* [What you should do] Transcribe all of the entries below exactly. Leave out the pictures.

____ Source material

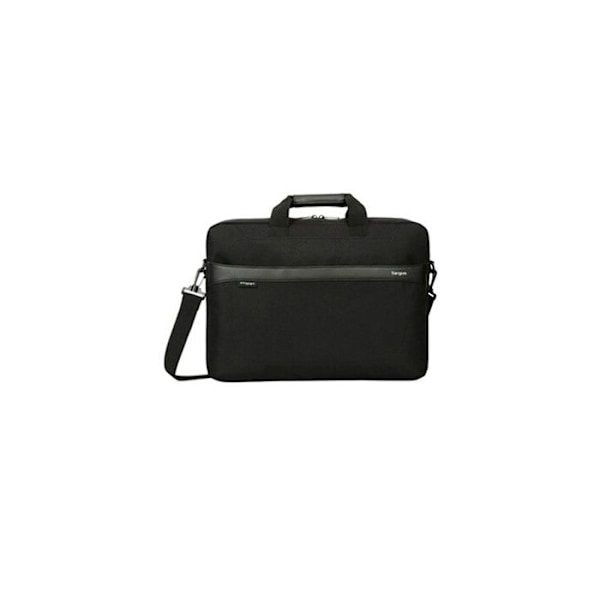 Targus 15.6 GeoLite EcoSmart Essential laptopväska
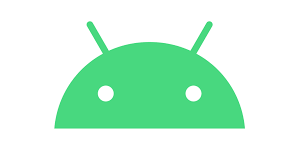 Android Application Development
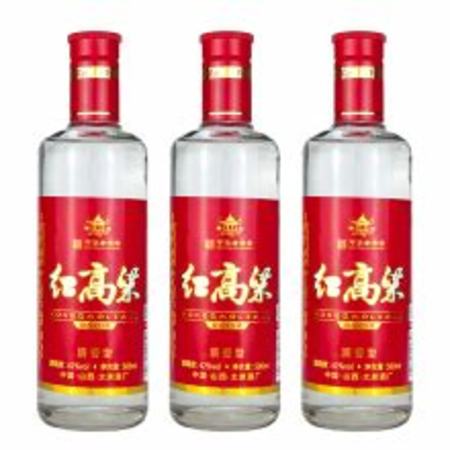 高粱老農(nóng)白酒怎么樣,老農(nóng)用五句老話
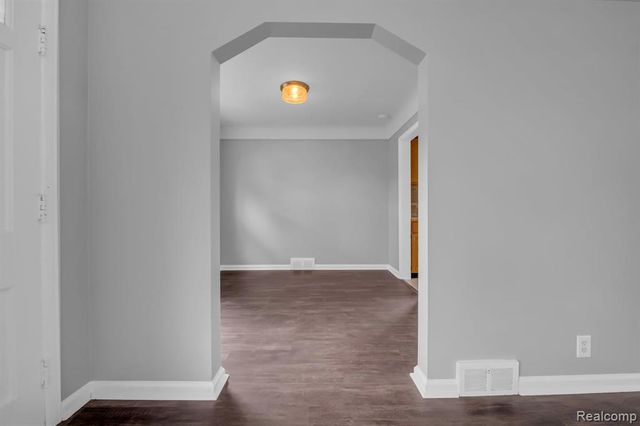 3752 Katherine Street, Dearborn, MI 48124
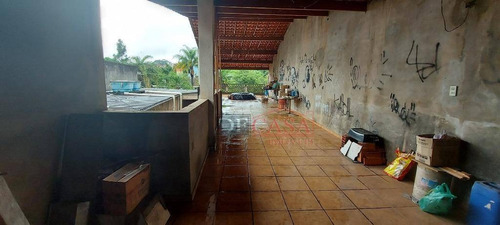 Imagem 13 de 28 de Sobrado Com 3 Dormitórios À Venda, 147 M² Por R$ 449.000,00 - Jardim Nossa Senhora Do Carmo - São Paulo/sp - So3801
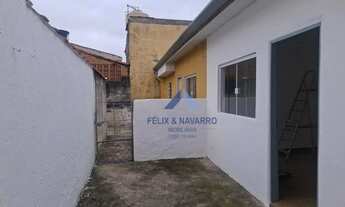 Imagem 7: Casa com 1 dormitório para alugar, 30 m² por R$ 1.350,57 - Vila Dionisia - São Paulo/SP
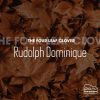 Download track Autumn Piano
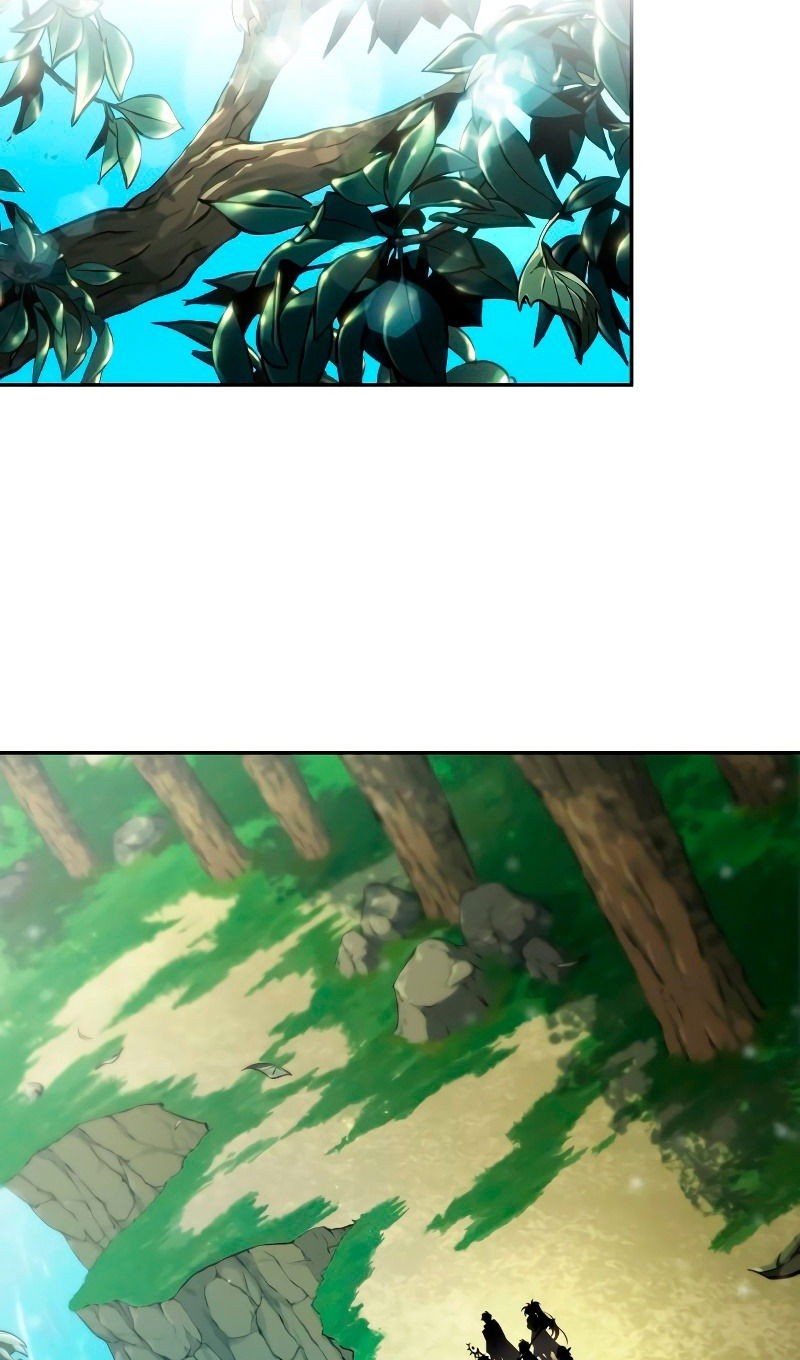 Манга Последний искатель приключений - Глава 89 Страница 55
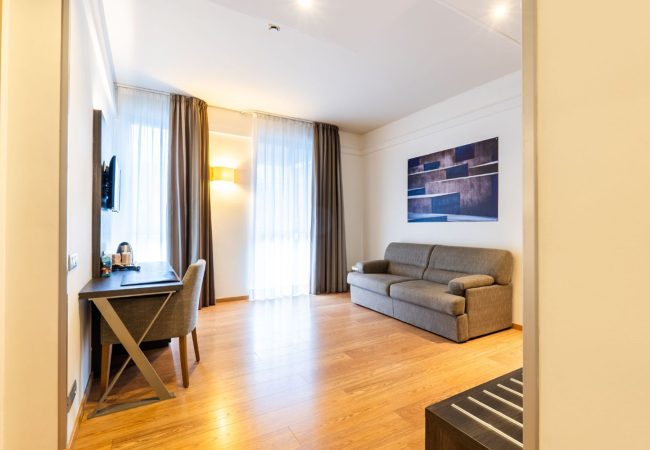 Photo Hotel Como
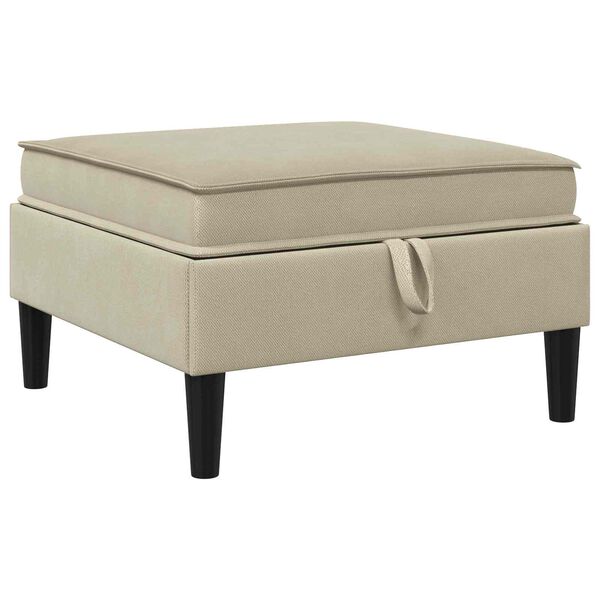 1 / 11. term&eacute;kk&eacute;p megjelen&iacute;t&eacute;se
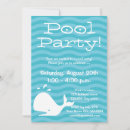 Buscar nadada invitaciones Piscina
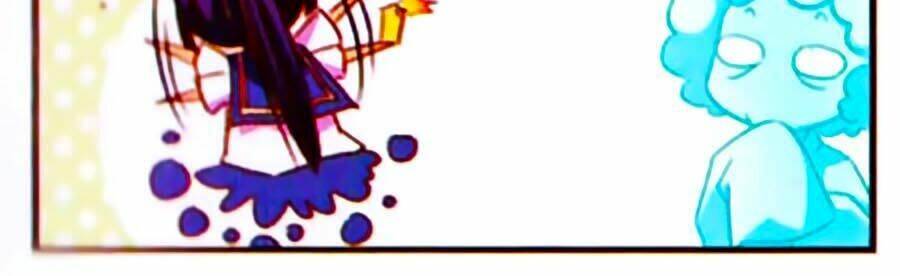 manh tam quốc chapter 63 6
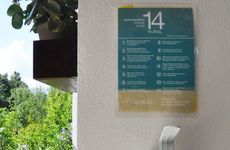 turkey/antalya/kemer/sansimonhotelf9ab92a3.jpg
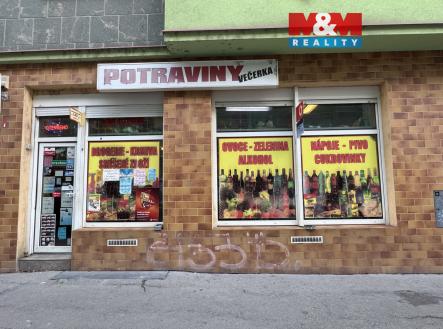 IMG_9298.jpeg | Pronájem - obchodní prostor, 62 m²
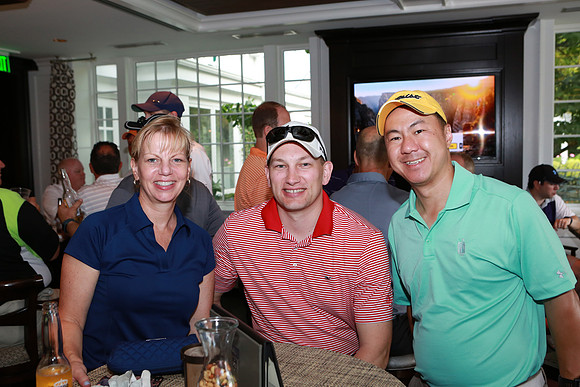 PNCGolfWestmoreland-E12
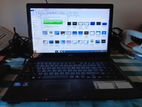 Acer Aspire 5349 Laptop - 4GB RAM, 320GB HDD, DVD Drive -Good Condition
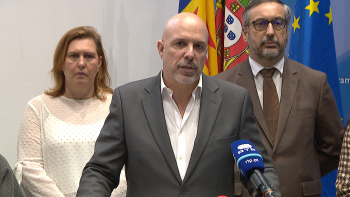 Imagem de PS acusa PSD de “embuste legislativo” e vai apresentar uma proposta própria (vídeo)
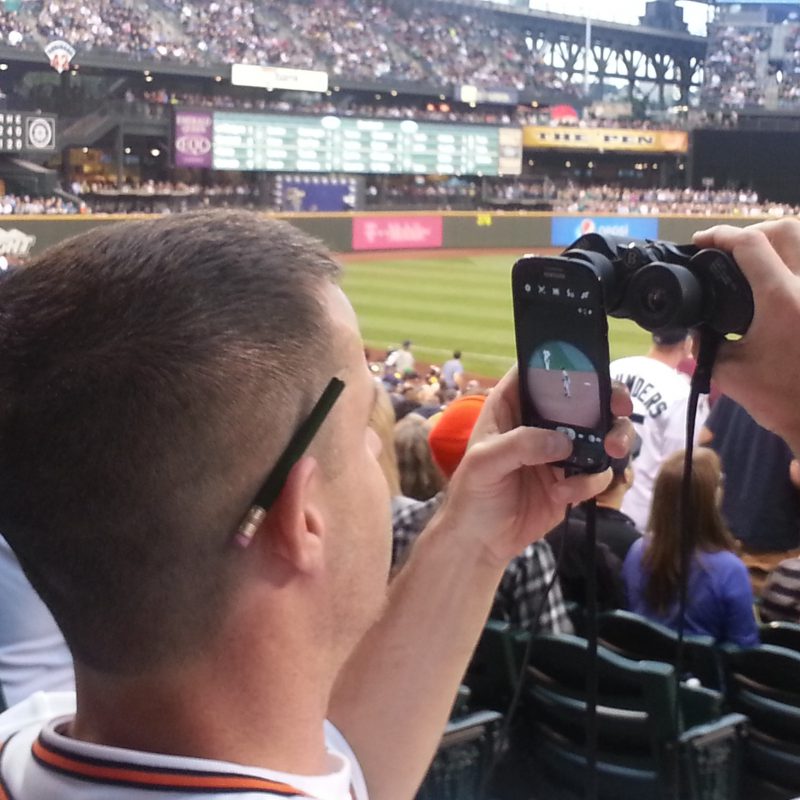 Resourceful People (18 pics)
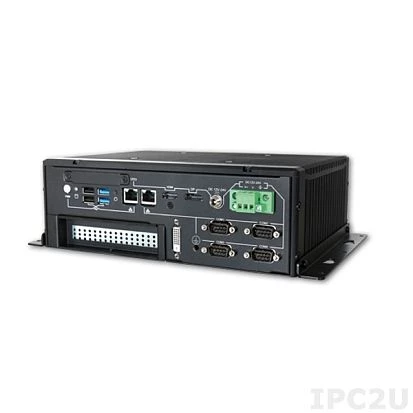WEBS-5482-W-4300U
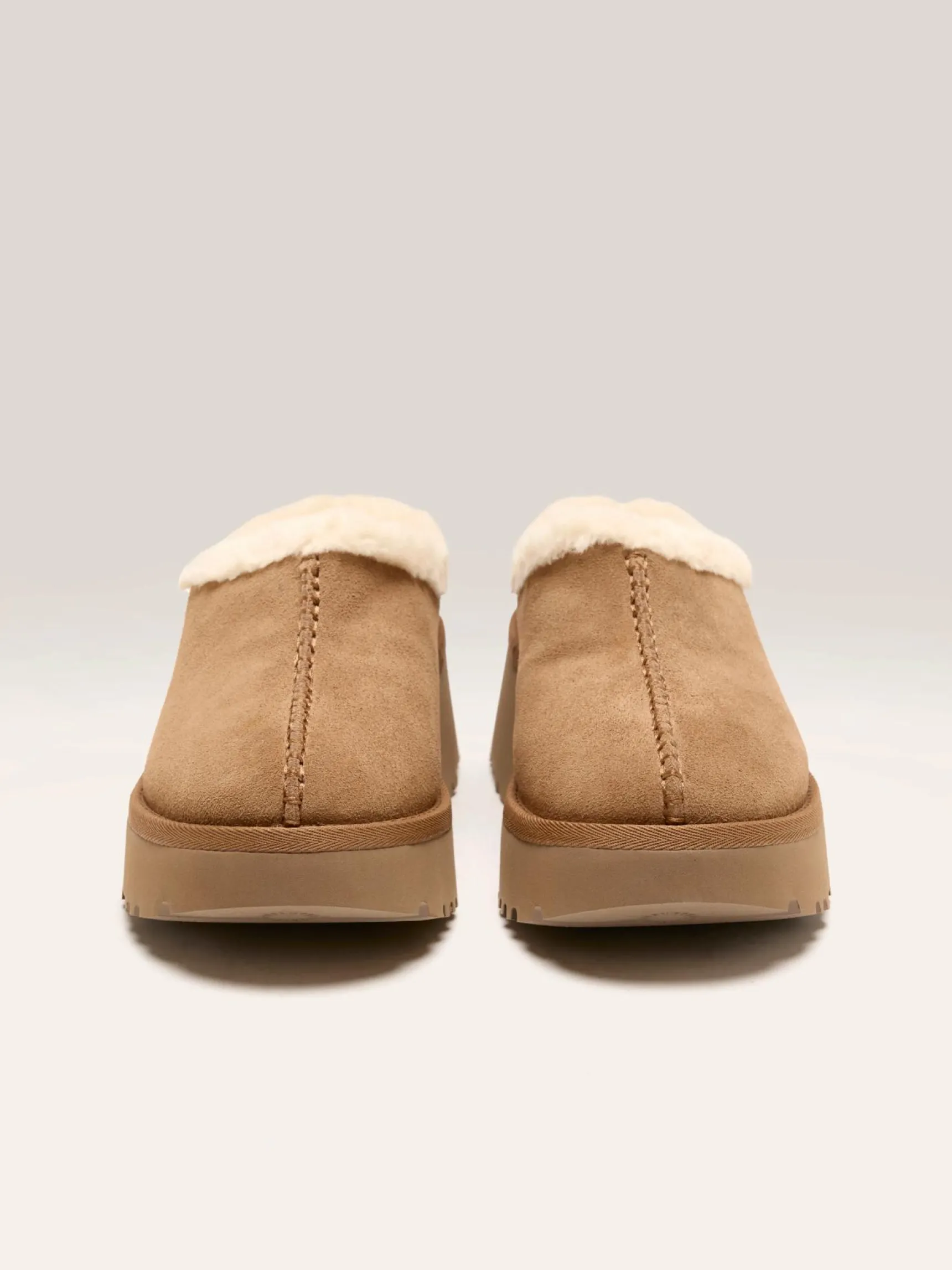 ugg-new-heights-cozy-clogs-voo-HXMMGQYz-3.webp Best Ugg New Heights Cozy Clogs Voor Vrouwen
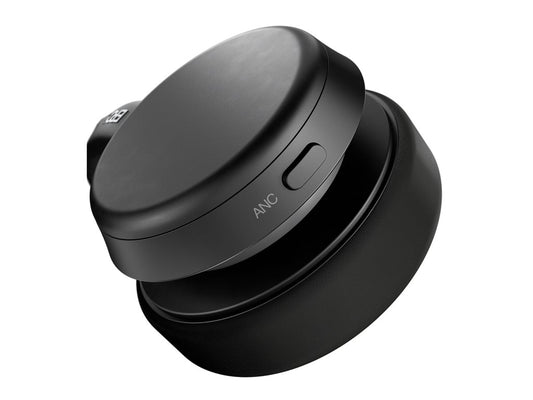 EPOS IMPACT 400 MS UC ANC WL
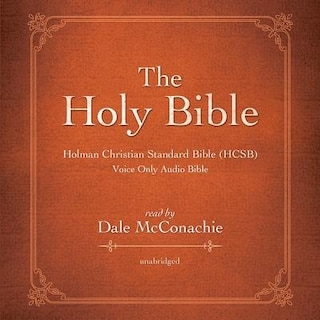 Front cover_The Holy Bible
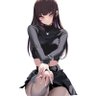 只因's profile picture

________

* [Result of the exercise]
 Targus 15.6 GeoLite EcoSmart Essential laptopväska
 Android Application Development
 高粱老農(nóng)白酒怎么樣,老農(nóng)用五句老話
 3752 Katherine Street, Dearborn, MI 48124
 Imagem 13 de 28 de Sobrado Com 3 Dormitórios À Venda, 147 M² Por R$ 449.000,00 - Jardim Nossa Senhora Do Carmo - São Paulo/sp - So3801
 Imagem 7: Casa com 1 dormitório para alugar, 30 m² por R$ 1.350,57 - Vila Dionisia - São Paulo/SP
 Download track Autumn Piano
 Манга Последний искатель приключений - Глава 89 Страница 55
 Photo Hotel Como
 1 / 11. term&eacute;kk&eacute;p megjelen&iacute;t&eacute;se
 Buscar nadada invitaciones Piscina
 manh tam quốc chapter 63 6
 turkey/antalya/kemer/sansimonhotelf9ab92a3.jpg
 IMG_9298.jpeg | Pronájem - obchodní prostor, 62 m²
 PNCGolfWestmoreland-E12
 Acer Aspire 5349 Laptop - 4GB RAM, 320GB HDD, DVD Drive -Good Condition
 Imagem de PS acusa PSD de “embuste legislativo” e vai apresentar uma proposta própria (vídeo)
 Resourceful People (18 pics)
WEBS-5482-W-4300U
 ugg-new-heights-cozy-clogs-voo-HXMMGQYz-3.webp Best Ugg New Heights Cozy Clogs Voor Vrouwen
 EPOS IMPACT 400 MS UC ANC WL
 Front cover_The Holy Bible
 只因's profile picture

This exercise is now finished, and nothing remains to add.